Upflex has competition on the technology side of the business. In April, U.K.-based The Instant Group merged with Coworker.com, creating the largest global coworking marketplace, according to the deal announcement.

And Flexspace, a New York- and San Francisco-based startup founded by two former WeWork executives, just launched its on-demand workspace platform with $6 million in seed funding from early-stage consumer tech venture firm M13 and others.

Upflex’s pricing follows the Airbnb model: Real estate owners list their workspaces for free, while the users — employers and their employees — pay a technology fee to use the platform as well as “consumption fees” at variable rates depending on a workspace’s size and location.
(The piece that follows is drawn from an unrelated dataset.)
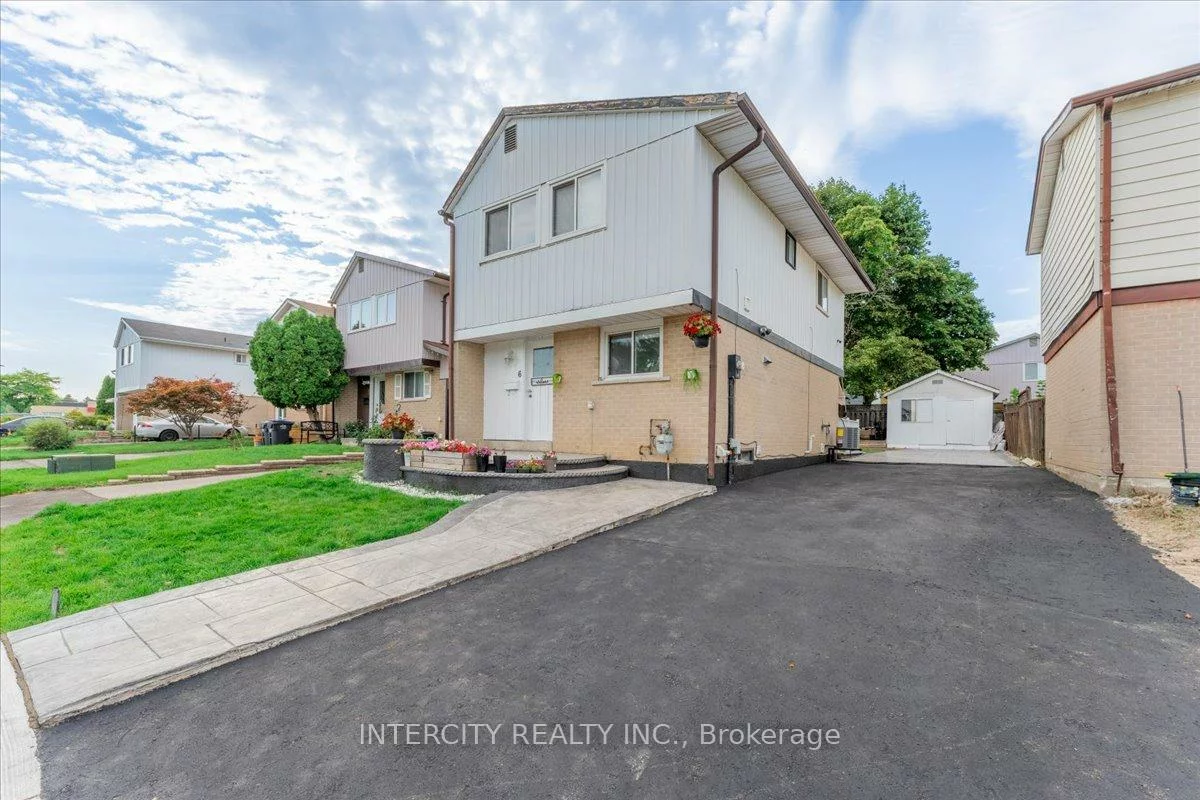 6, Hedley, Central Park, Brampton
Upflex kicks money back to the owners after taking a cut.

The rise of flex-space marketplaces is paradoxical, given the lengths companies like WeWork, Knotel and Convene went to over the last decade to build brand equity. Participation in such platforms could “dilute” a brand at the margin, but all players benefit from the technology, according to Garnier. Smaller companies get access to a wider user base and giants like WeWork get access to locations in secondary and tertiary markets where they might not have a presence, he said.

Garnier said the technology is not meant to disintermediate brokers, but rather better equip them. Office users still trust their brokers more than anyone, he said.

“Who are we to tell all those large occupiers what they should be doing?”